What is ITW?
Irish Traditional Witchcraft:
Many wiccans – especially Irish wiccans – will tell you point blank that there is no such thing as “Traditional” Irish witchcraft. Or they will tell you that Wicca is traditional. Or they might say that they are not wiccan, but will proceed to talk about Covens and invoking the goddess Mainly though they will be at pains to dismiss any notion of an indigenous Irish Tradition of Witchcraft – in particular a living tradition.
This is simply because most of them have gleaned their “witchcraft” – and I use the term very loosely – from the pages of wiccan self help books. If they realise that they have replaced their own heritage with this dross they might have to do something about it.

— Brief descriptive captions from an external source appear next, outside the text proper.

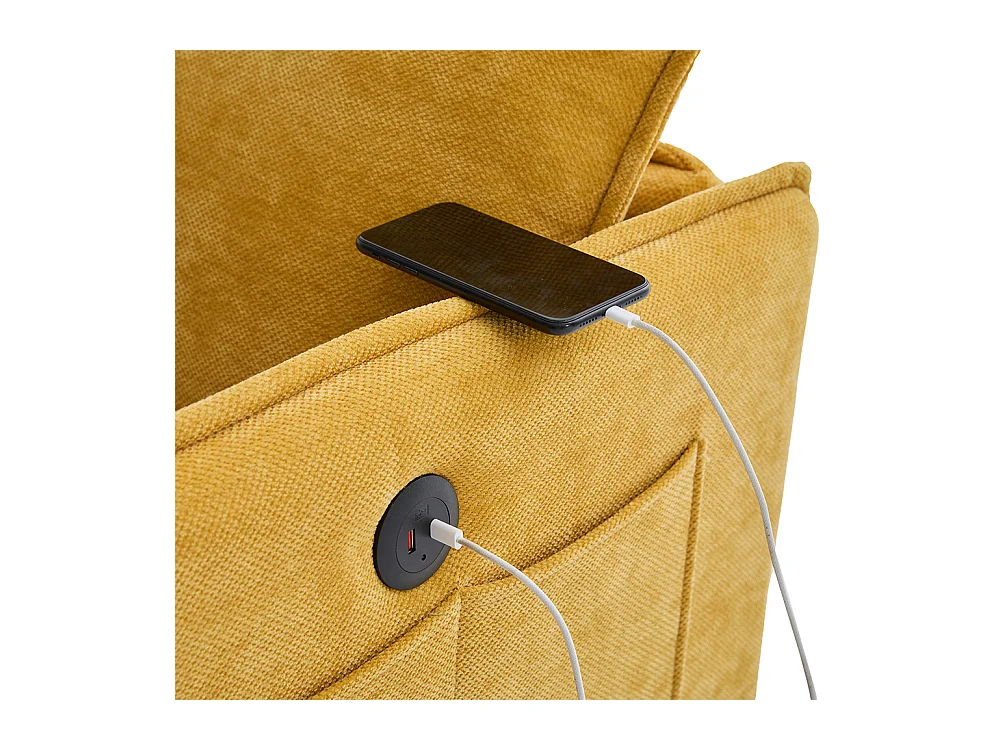 Canapé double moderne tissu poche rangement support téléphone réglable salon balcon jaune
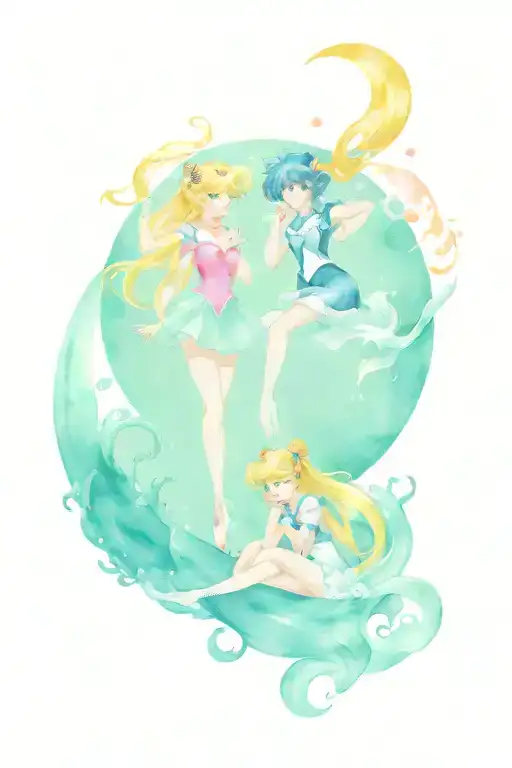 Sailor Moon Underwater With Fabius And Sebastian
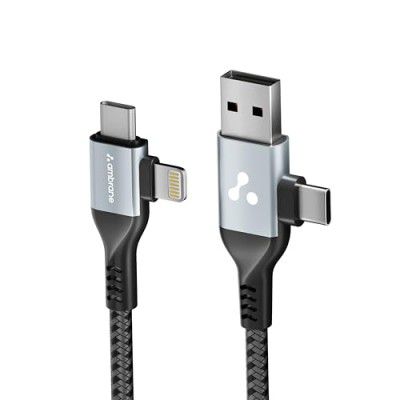 Ambrane 4 in-1 Multi-Functional Charging Cable (AC4CL-15, Silver)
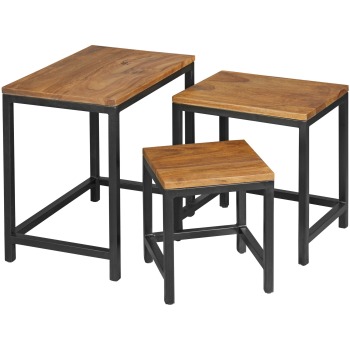 Set elegant de mese laterale în diverse dimensiuni - Lemn și metal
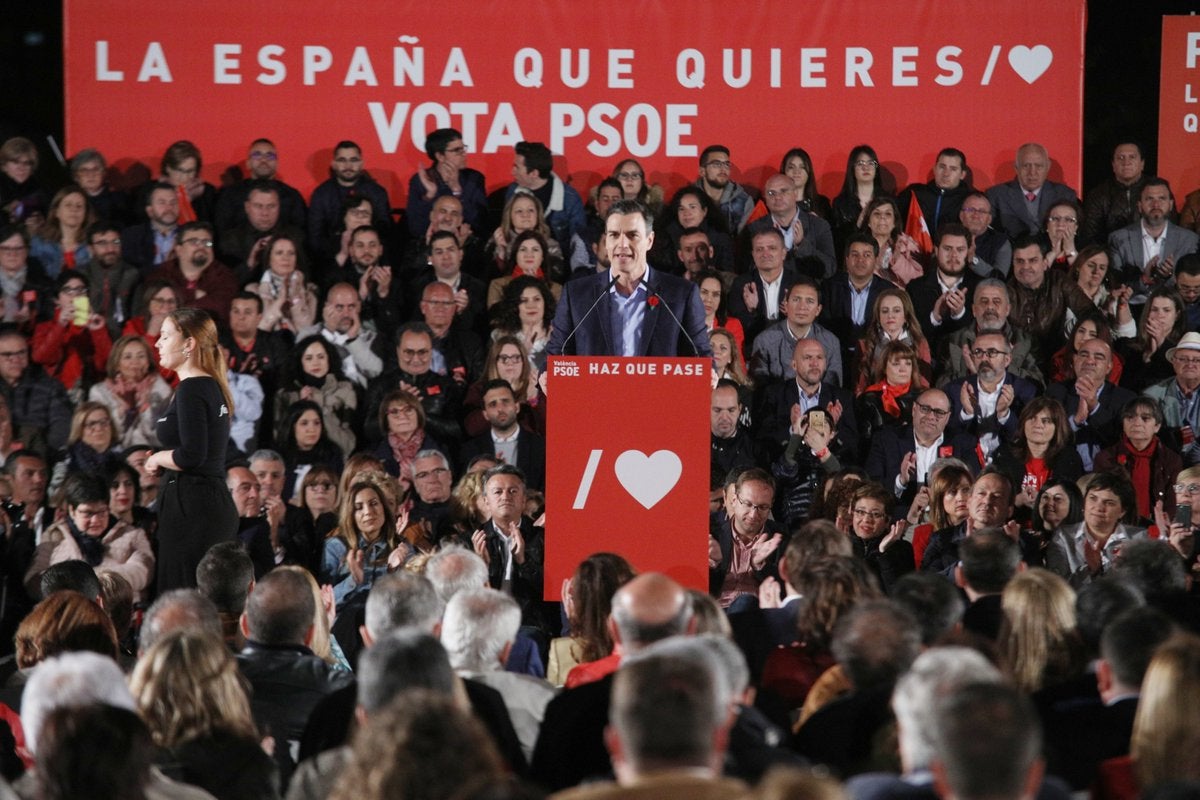 El PSOE ha celebrat el tancament de la campanya electoral al Parc Central de València. / TWITTER PSOE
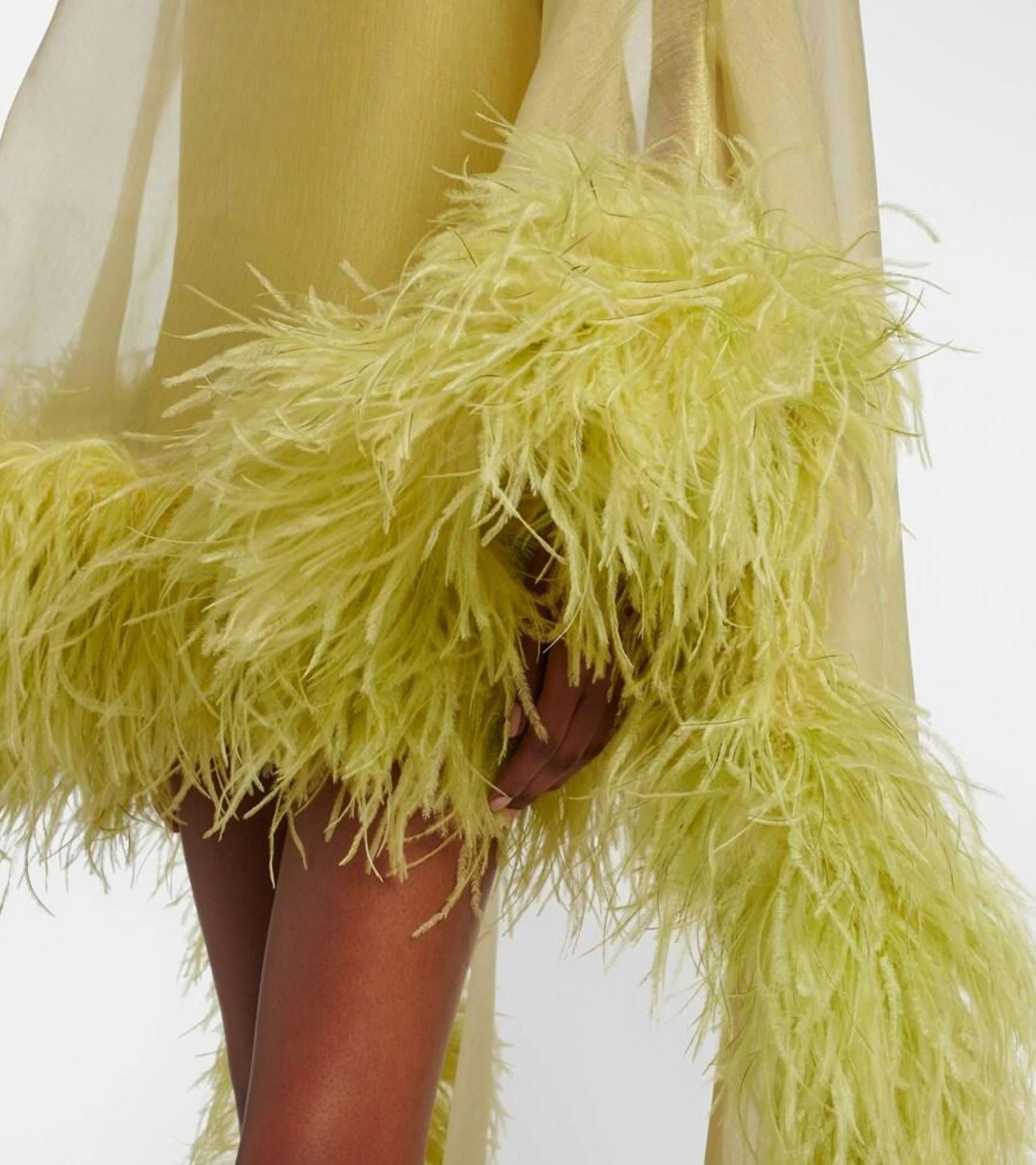 Sheer Turtleneck Feather Trim Mini Dress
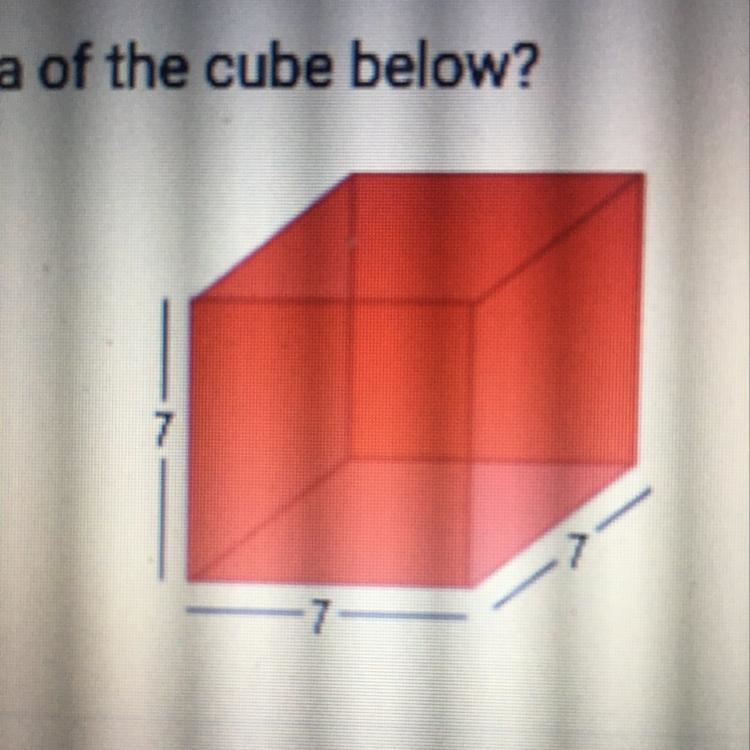 What is the surface area of the cube below? A. 147 units2 B. 508 units2 C. 254 units-example-1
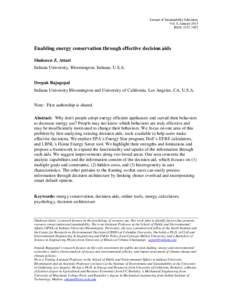 Journal of Sustainability Education Vol. 8, January 2015 ISSN: Enabling energy conservation through effective decision aids Shahzeen Z. Attari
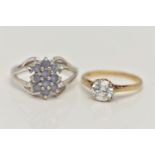 TWO GEMSET RINGS, the first a cluster ring leading on to open work shoulders, hallmarked 9ct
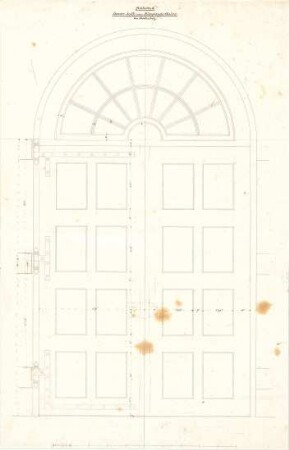 Gärtner, Friedrich von; München, Ludwigstr.; Staatsbibliothek - Eingangstür (Ansicht)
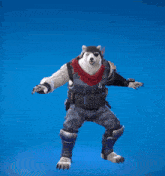 a polar bear in a camouflage outfit is dancing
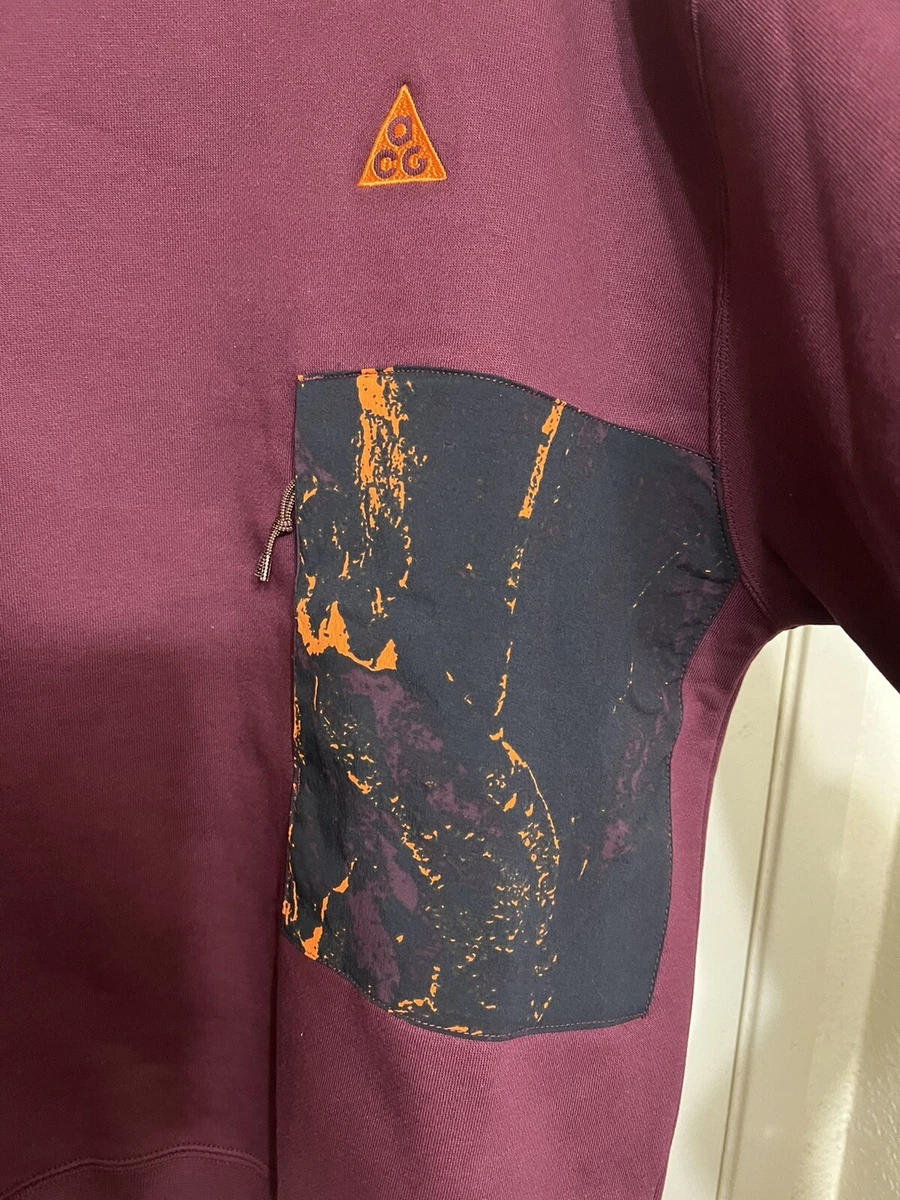 Nike ACG NRG AOP Crewneck Sweater Maroon Orange Men's Size L CZ5102-643 New NWT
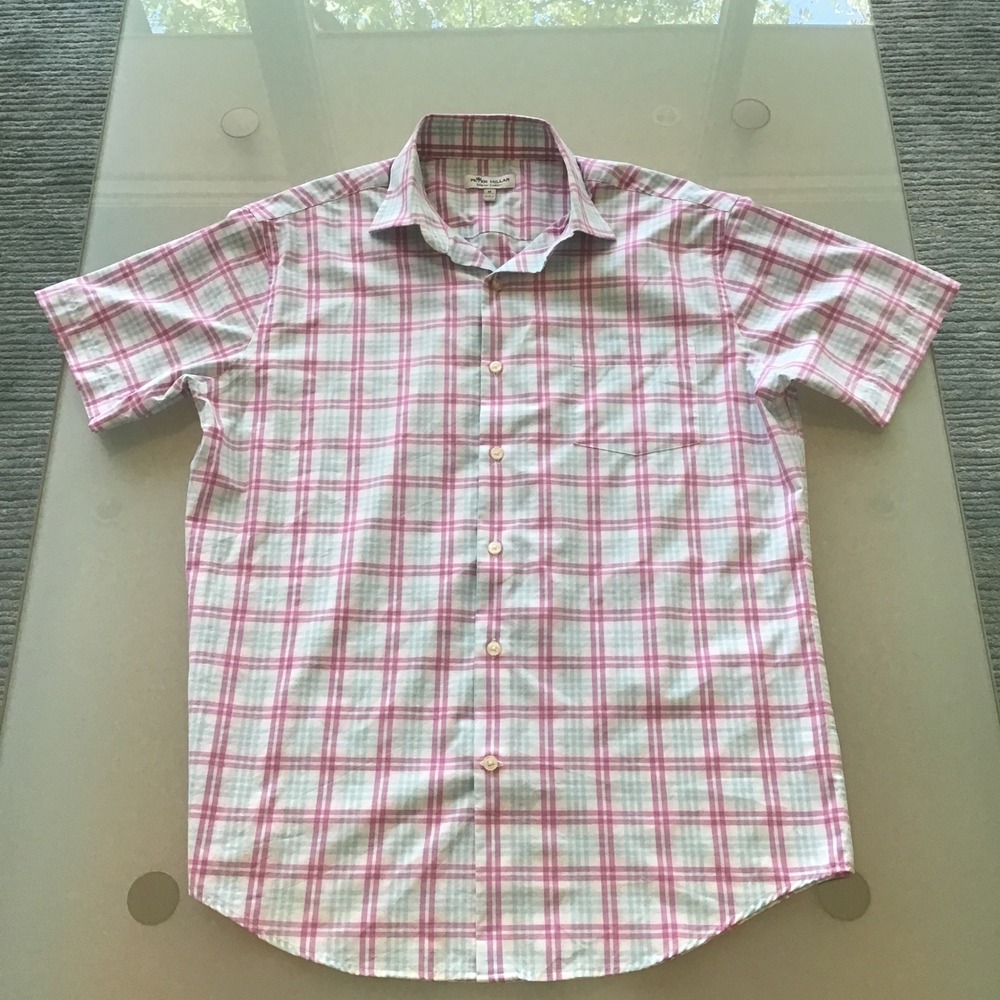 Peter Millar Summer Comfort Mens M Pink Blue Plaid Short Sleeve Button Shirt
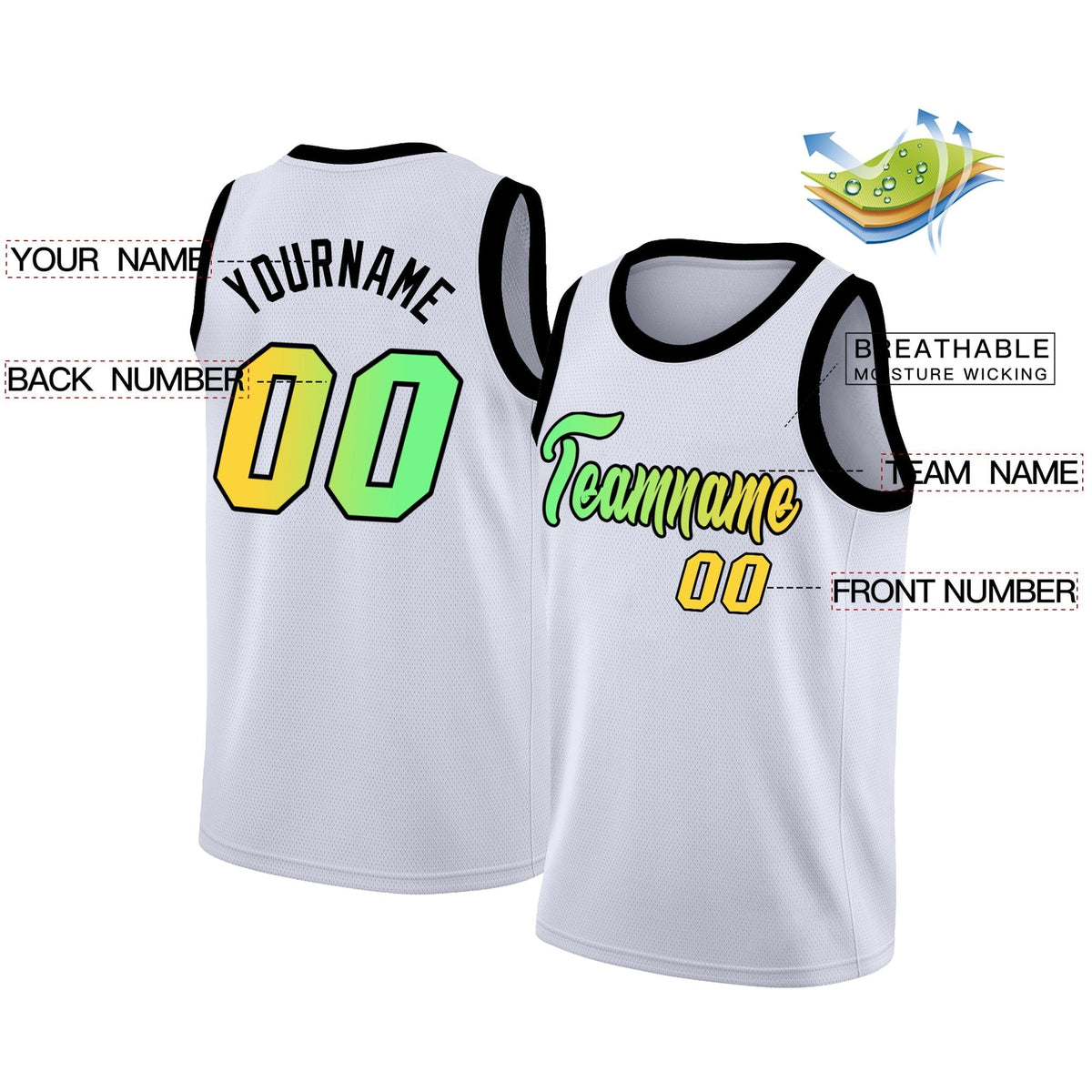 Custom White Black  Gradient Fashion Tops Basketball Jersey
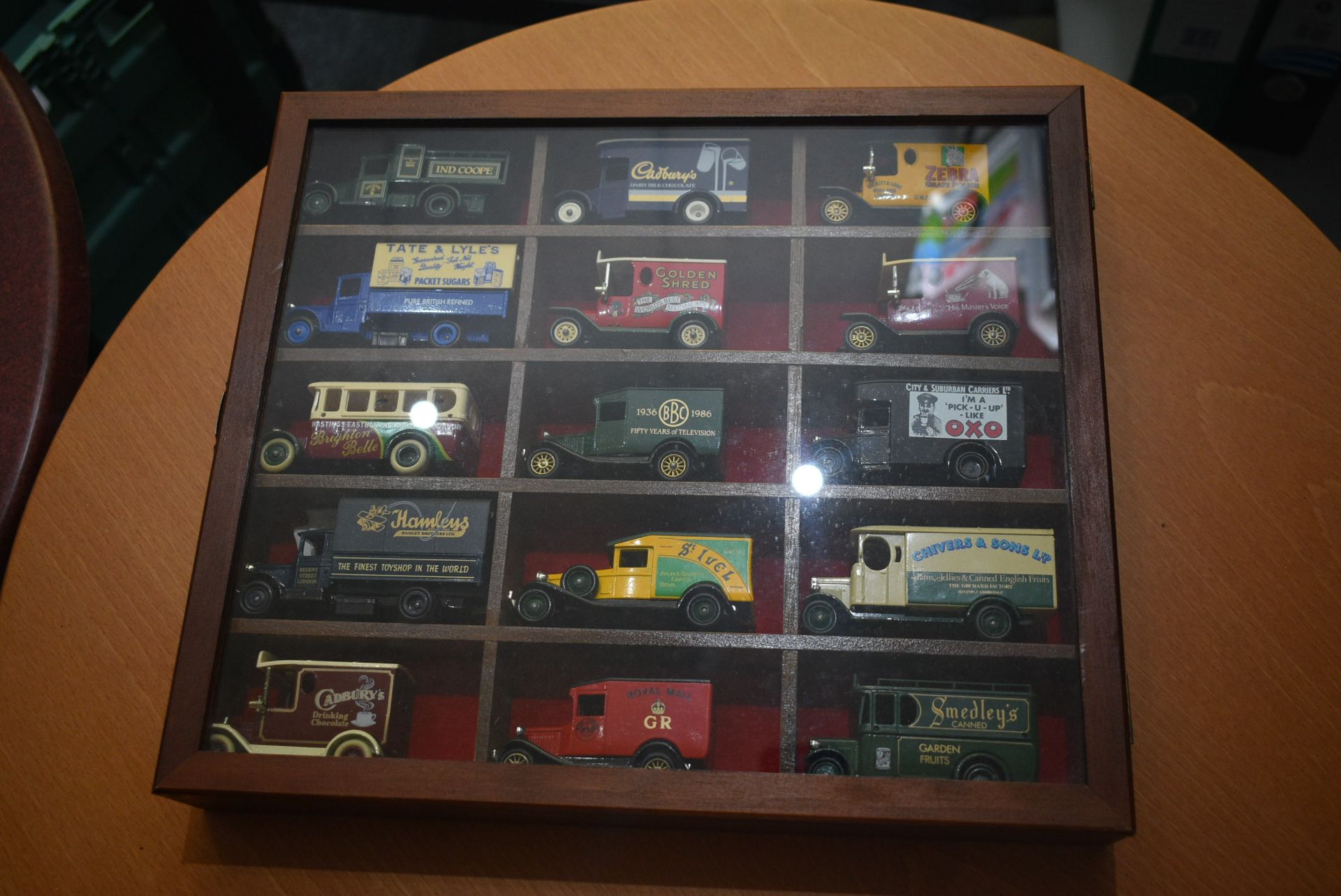 Toy Trucks Set, in glazed frame, comprising 15 ass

It threatens the general belief that “anyone can be a witch” but it really becomes an untenable proposition for these people when they realise that it also threatens their “Unsubstantiated Personal Gnosis” ie the fact that they attribute all kinds of imported and eclectic rubbish to Irish Pagan Gods under the Banner “It’s my interpretation” (Personal Gnosis is a posh way of saying I made it up)
But greatly as they dislike it and deride it and decry it Irish traditional Witcchraft does exist. It always has.
Points to remember about ITW
Irish Witchcraft traditions are not religious. Witchcraft is an occult art not a religion. People who think witchcraft is a religion are called “wiccans” or in some cases “satanists”. Witches can be any religion they want. It’s an art.
Sorry to labour the point but…well, it really can’t be stated enough. Witchcraft predates Wicca by just about the entire history of man’s existance. Every culture, society and tribe has had its magicians, witches, and sorcerors. Gardeners mixture of Medieval ceremonial magic, freemasonry and bad folklore/history is not witchcraft, is merely a footnote in the history of magic and witchcraft. No, witches weren’t really pagans, nor is it a mystery religion or an ancient cult of womanhood. Get a grip.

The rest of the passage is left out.